Work request: With the pictures left out, reproduce exactly the lines from the one containing "S=Person wearing a" through the final line of the entries.
------ Supplied records
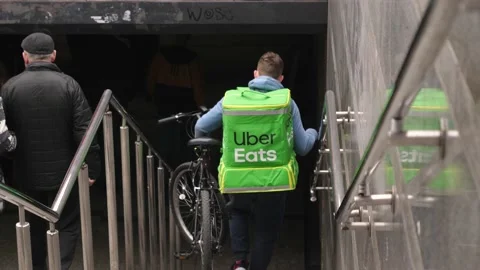 Uber Eats bicycle driver stepping down the underground crossing stairs wearing b Stock Footage 183413824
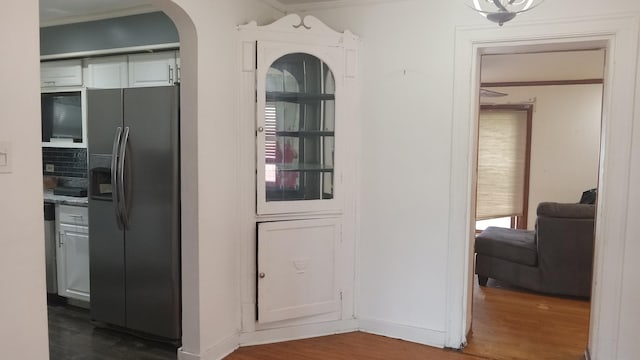 3512 W 84th St, Chicago, IL 60652 - kitchen with stainless steel fridge, arched walkways, dark wood-type flooring, ornamental molding, and white cabinets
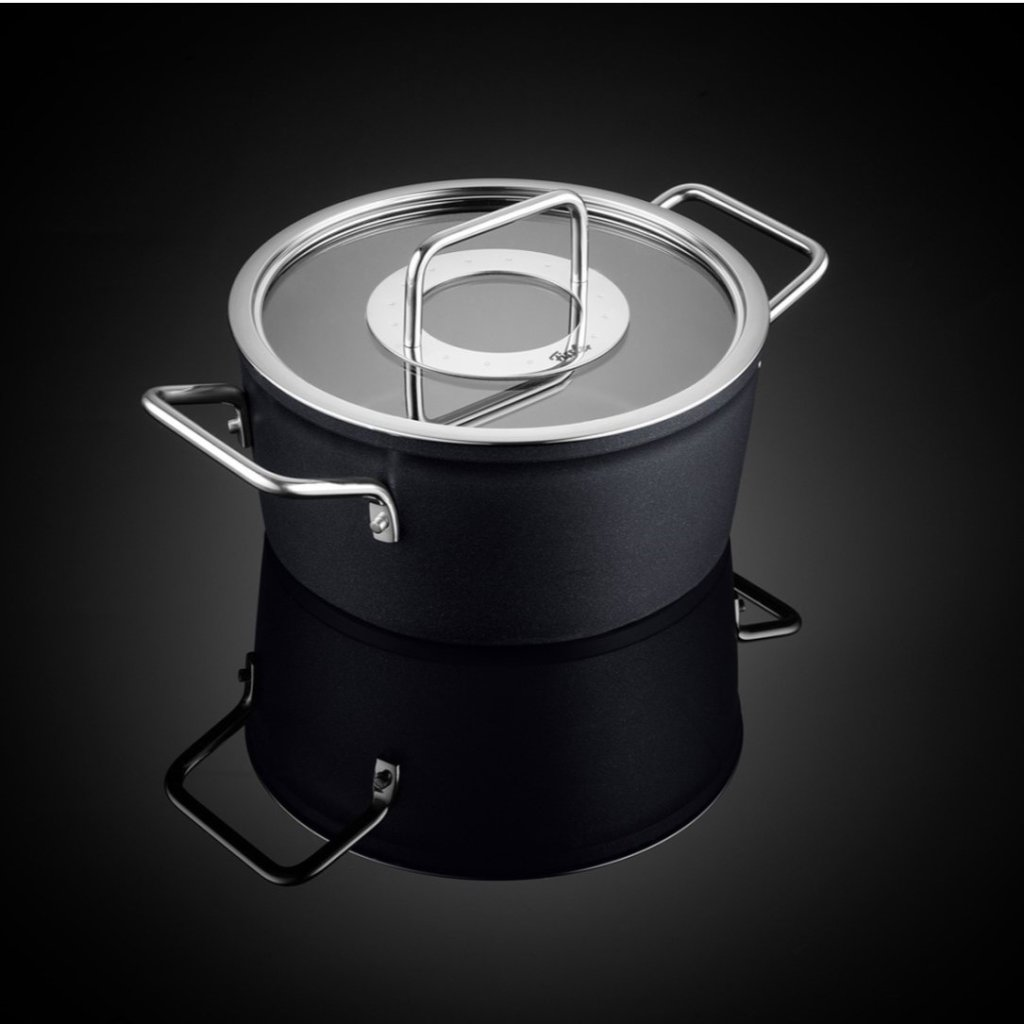 Czarny garnek ze szklaną pokrywką i dwoma uchwytami, na odbijającej czarnej powierzchni.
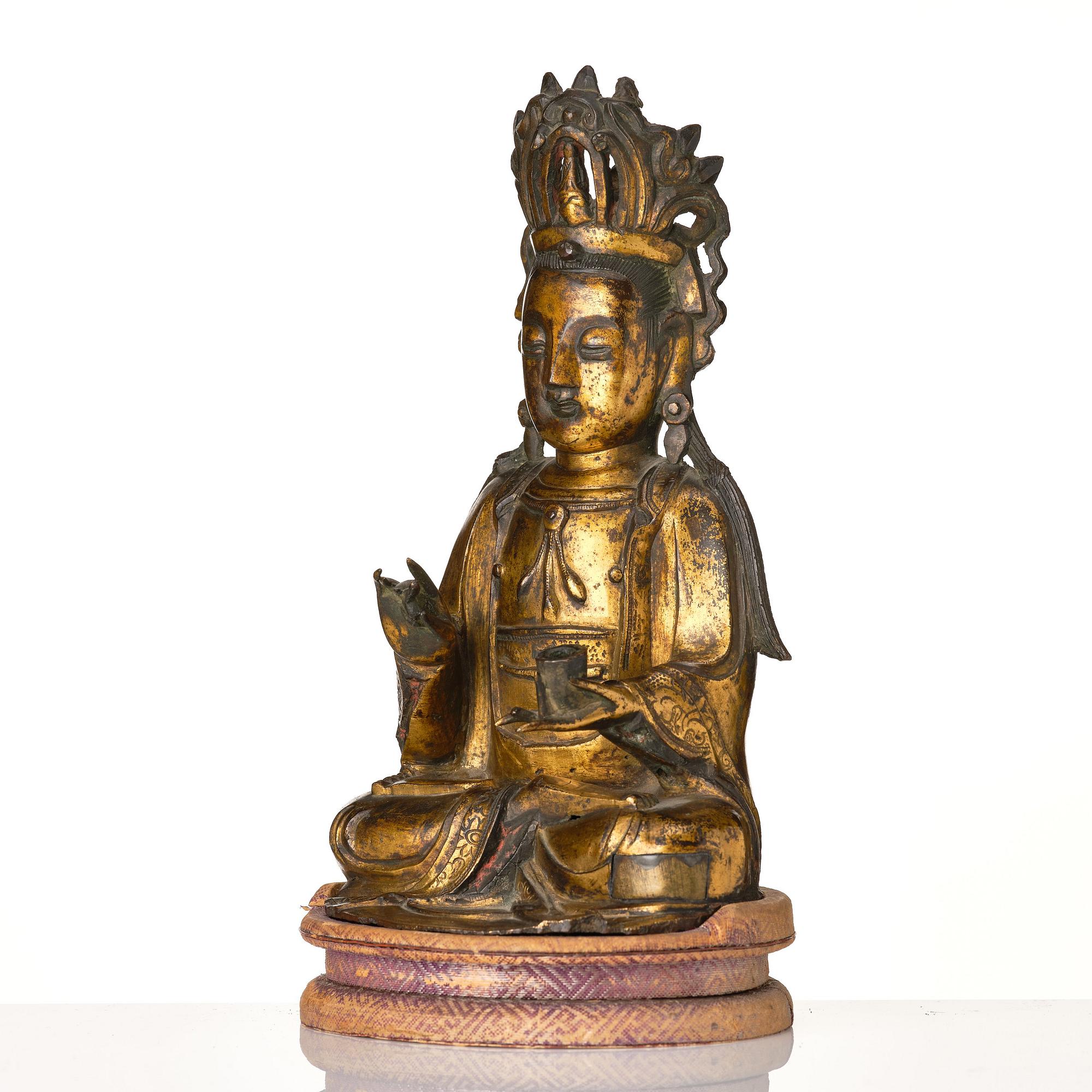A gilt bronze figure of Guanyin, Ming dynasty, 16th/17th Century.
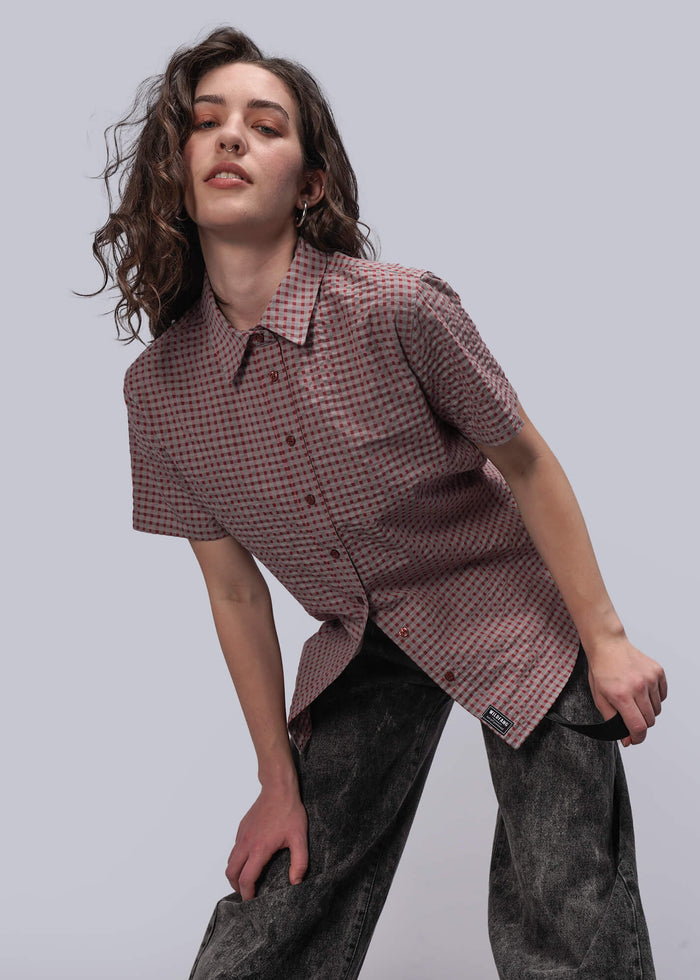 S=Person wearing a checkered shirt and wide-leg pants against a plain background
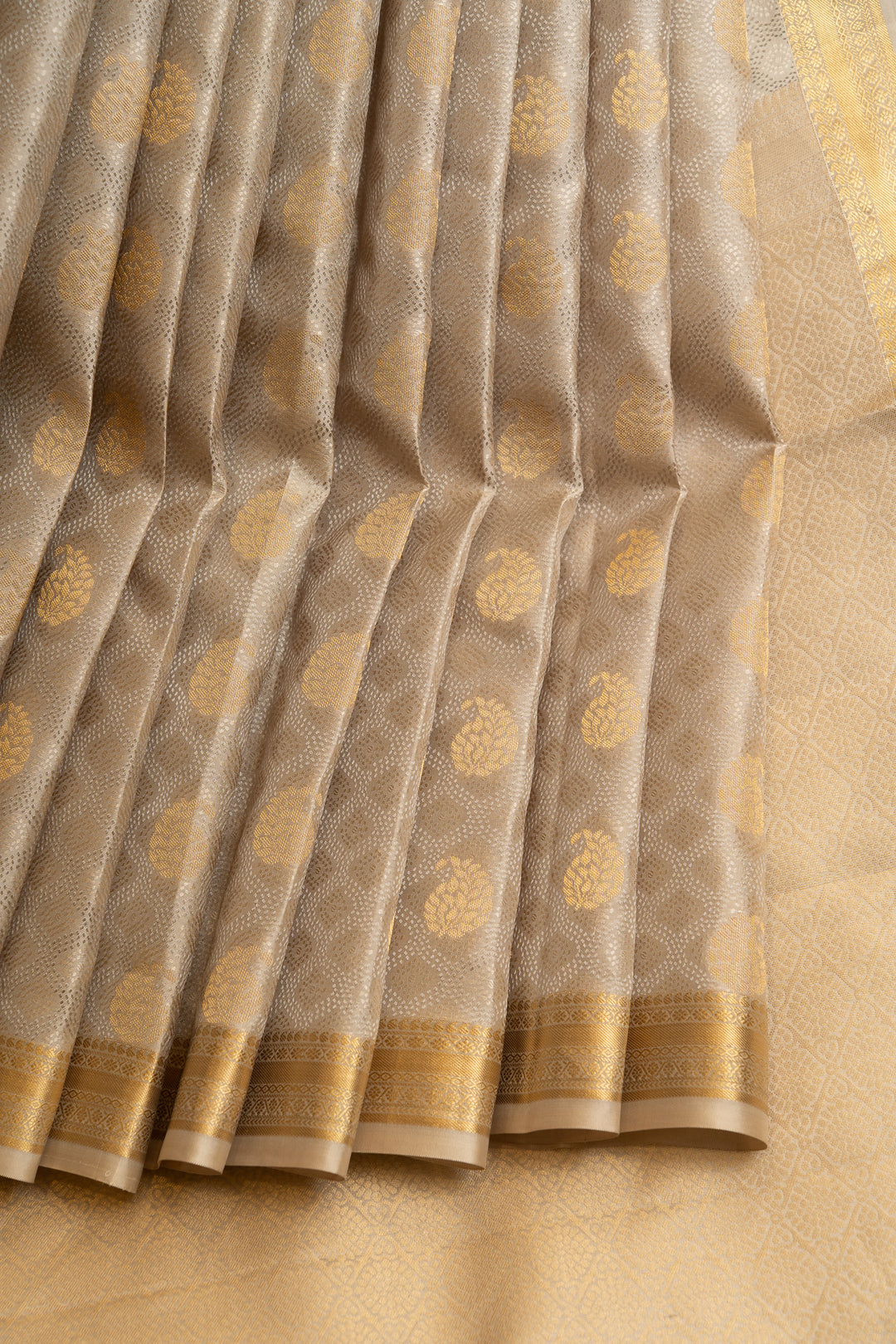 Greyish gold embossed pure Kanchipuram silk saree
------------
Answer below:
 S=Person wearing a checkered shirt and wide-leg pants against a plain background
 Greyish gold embossed pure Kanchipuram silk saree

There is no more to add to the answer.